Kommen Implantate für mich in Frage?

Implantate sind eine verhältnismäßig neue, aber inzwischen sehr etablierte Errungenschaft der modernen Zahnheilkunde. In vielen Fällen wird so ein Zahnersatz verloren gegangener Zähne möglich, ohne dass Nachbarzähne einbezogen werden müssen. In anderen Fällen kann ein herausnehmbarer Zahnersatz vermieden oder ein solcher sicherer befestigt werden.

Angesichts der oft hohen Kosten und des notwendigen Operationsaufwandes möchte man sich aber auch gerne sicher sein, dass diese Investition sinnvoll ist! Heute gibt es hier eine hohe Sicherheit, wenn man einige Voraussetzungen beachtet.

Bei weniger als 5 % Misserfolgen (Implantatverlust in den ersten fünf oder zehn Jahren) kann man bei der Implantologie heute von einem sehr sicheren medizinischen Verfahren sprechen. Andererseits kann nicht bei jedem Patienten beliebig implantiert werden: Sowohl die anatomischen Verhältnisse an freiem Knochenangebot müssen jeweils einzeln beurteilt werden, als auch die Reaktionslage des Organismus insgesamt.

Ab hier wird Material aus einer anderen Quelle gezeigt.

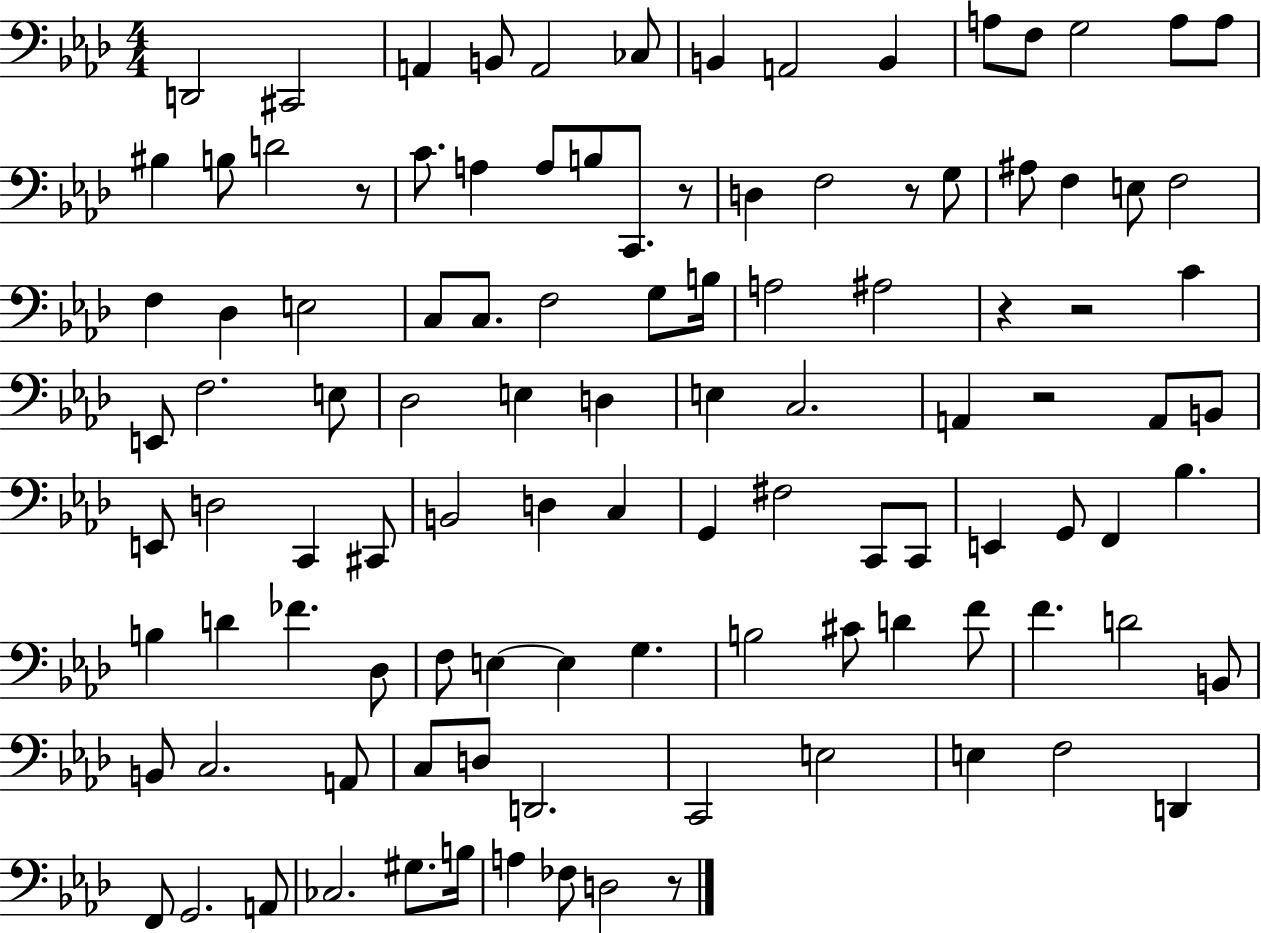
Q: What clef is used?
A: bass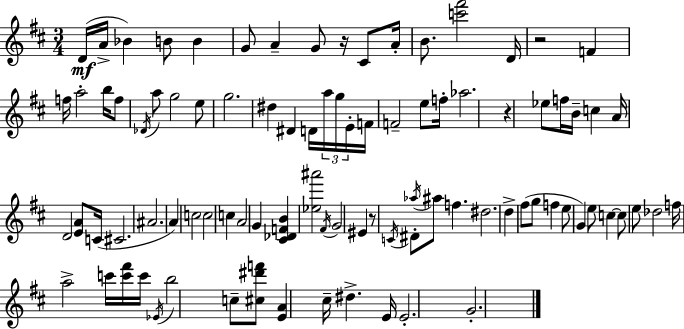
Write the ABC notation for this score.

X:1
T:Untitled
M:3/4
L:1/4
K:D
D/4 A/4 _B B/2 B G/2 A G/2 z/4 ^C/2 A/4 B/2 [c'^f']2 D/4 z2 F f/4 a2 b/4 f/2 _D/4 a/2 g2 e/2 g2 ^d ^D D/4 a/4 g/4 E/4 F/4 F2 e/2 f/4 _a2 z _e/2 f/4 B/4 c A/4 D2 [EA]/2 C/4 ^C2 ^A2 A c2 c2 c A2 G [^C_DFB] [_e^a']2 ^F/4 G2 ^E z/2 C/4 ^D/2 _a/4 ^a/2 f ^d2 d ^f/2 g/2 f e/2 G e/2 c c/2 e/2 _d2 f/4 a2 c'/4 [c'^f']/4 c'/4 _E/4 b2 c/2 [^c^d'f']/2 [EA] ^c/4 ^d E/4 E2 G2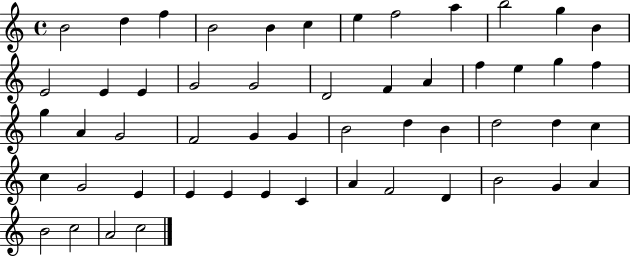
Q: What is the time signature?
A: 4/4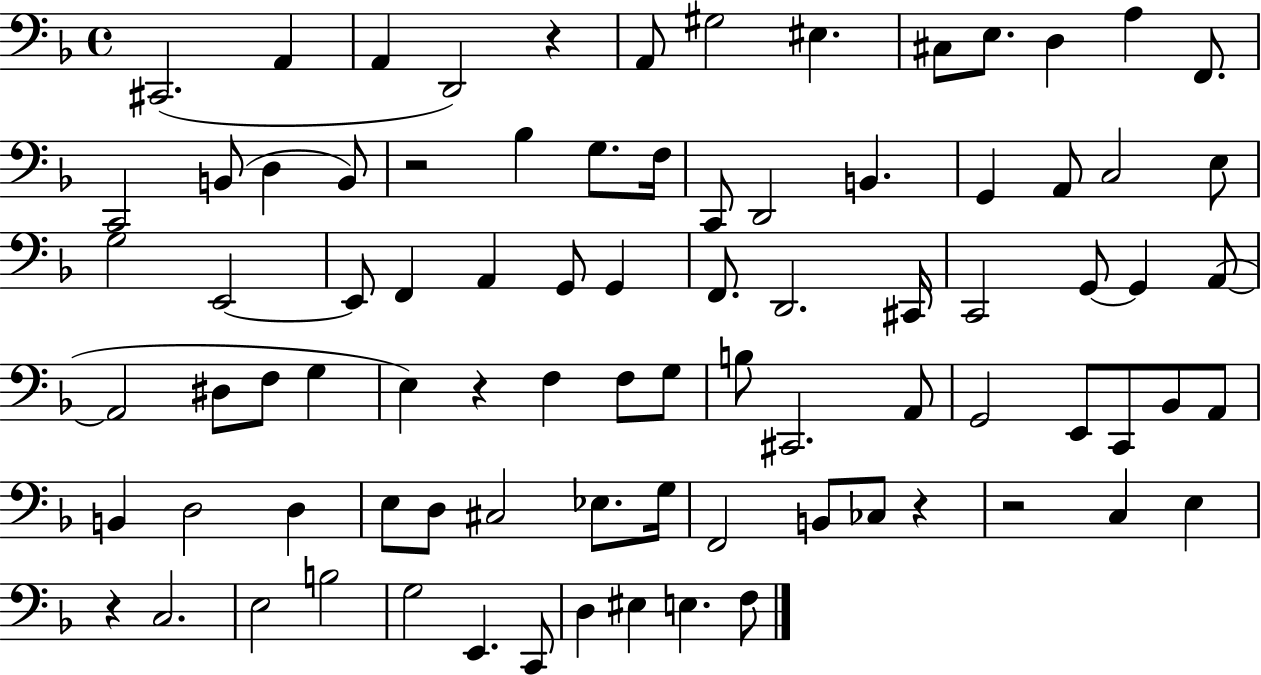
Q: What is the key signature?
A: F major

Rauchen, Alkoholabusus, schlechte Mundhygiene und Zähneknirschen bzw. - pressen stellen einen komplikationslosen Verlauf des Vorhabens zumindest in Frage. Über die Frage von Sofortimplantationen und Knochenaufbau soll an dieser Stelle nichts ausgesagt werden: Dies ist Sache der Einzelberatung beim implantierenden Zahnarzt oder Kieferchirurgen. Weiter sollte als selbstverständlich vorausgesetzt werden, dass im Falle einer Parodontitis als Ursache für vorhergehende Zahnverluste, diese Ursache behandelt und ausgeschaltet werden muss: Auch Implantate können durch bakteriellen Befall angegriffen werden und gehen dann, auch durch das Fehlen anatomischer Abwehrgrenzen am Zahnfleisch, ebenso zugrunde wie zuvor die Zähne (Periimplantitis).

Grundsätzlich stellt sich aber die Frage nach der Verträglichkeit der in den Körper eingebrachten Werkstoffe. Der gebräuchlichste Werkstoff für Implantate (nicht nur in der Zahnheilkunde, auch in der Orthopädie) ist derzeit Titan, da dieses Metall sich als besonders bioverträglich erweisen hat. Dennoch kann es auch hier zu Sensibilitäten kommen, zumal wir heute durch Zusatzstoffe in Lebensmitteln (E 171), Zahnpasten und z. B. Sonnenschutzcremes, heute nahezu permanent mit Titanoxiden in Berührung sind. Titanallergien (oder besser: Titanunverträglichkeiten) sind dennoch selten und schwer nachweisbar, weil sie sich aufgrund der besonderen Eigenschaften des Titan nicht nach dem üblichen Muster einer sogenannten Typ IV-Allergie verhalten. Da ein Ausweichen auf Keramikimplantate nicht immer so problemlos ist, wie man es wünschen würde, kommt der Frage nach der individuellen Verträglichkeit eine besondere Bedeutung zu. Wir haben in unserer Praxis in den letzten Jahren zunehmend gute Erfahrungen mit Keramikimplantaten gemacht und sehen uns hier inzwischen an der Spitze einer Bewegung zu "weißen Implantaten".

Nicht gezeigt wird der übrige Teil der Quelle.